Design AI Around People, Not Tickets
Most IT teams start in the same place when they talk about AI: the ticket.
How do we reduce tickets? How do we route them faster? How do we close them with less effort?
Those are reasonable goals, but if that is where you start, you will build something that looks efficient on paper and still feels frustrating to the people you support. A ticket is not the experience. A ticket is what happens after the experience has already gone wrong.
The experience is the frozen screen during a client call. The login that takes so long you miss the first five minutes of a meeting. The application that crashes twice a day so you start saving every 30 seconds. The VPN that drops just enough to make you wonder if you can trust it. Those moments are the real product of IT, whether we admit it or not.
That is why Digital Employee Experience exists. DEX is simply the decision to design IT around the person, not around the process we use to track work.
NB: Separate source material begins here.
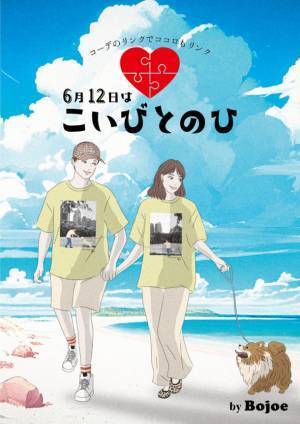 恋人や大切な人とリンクコーデを楽しむ記念日　6.12「こいびとのひ」限定リンクコーデブランドBojoeをローンチ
Tickets are a record, not a reality
A ticketing system is useful, but it shapes the way we think. It forces every problem into a category and a workflow. It trains the organization to treat the ticket as the unit of value.
But employees do not live in categories. They live in moments.
When someone says, “My laptop is slow,” what they mean is, “I’m behind and I can feel it.” When someone says, “Teams isn’t working,” what they mean is, “I’m about to look unprepared in front of other people.” When someone says, “I can’t access the system,” what they mean is, “I’m blocked.”
If AI is trained to optimize tickets, it will learn to optimize the record, not the reality. It will get better at moving work through a system, while employees still lose time, confidence, and patience.
What changes when you start with the person
Designing AI around people starts with a different question.
Not “How do we process this ticket?” but “What is this person trying to do, and what is stopping them?”
That shift sounds small, but it changes everything. It changes the language the system uses. It changes what the system asks for. It changes what counts as a successful outcome.
A human-centered AI experience does a few basic things well:
It acknowledges the problem in plain language. It asks only for what it needs. It explains what it is doing as it goes. And if it cannot help quickly, it gets out of the way and brings in a human without making the person start over.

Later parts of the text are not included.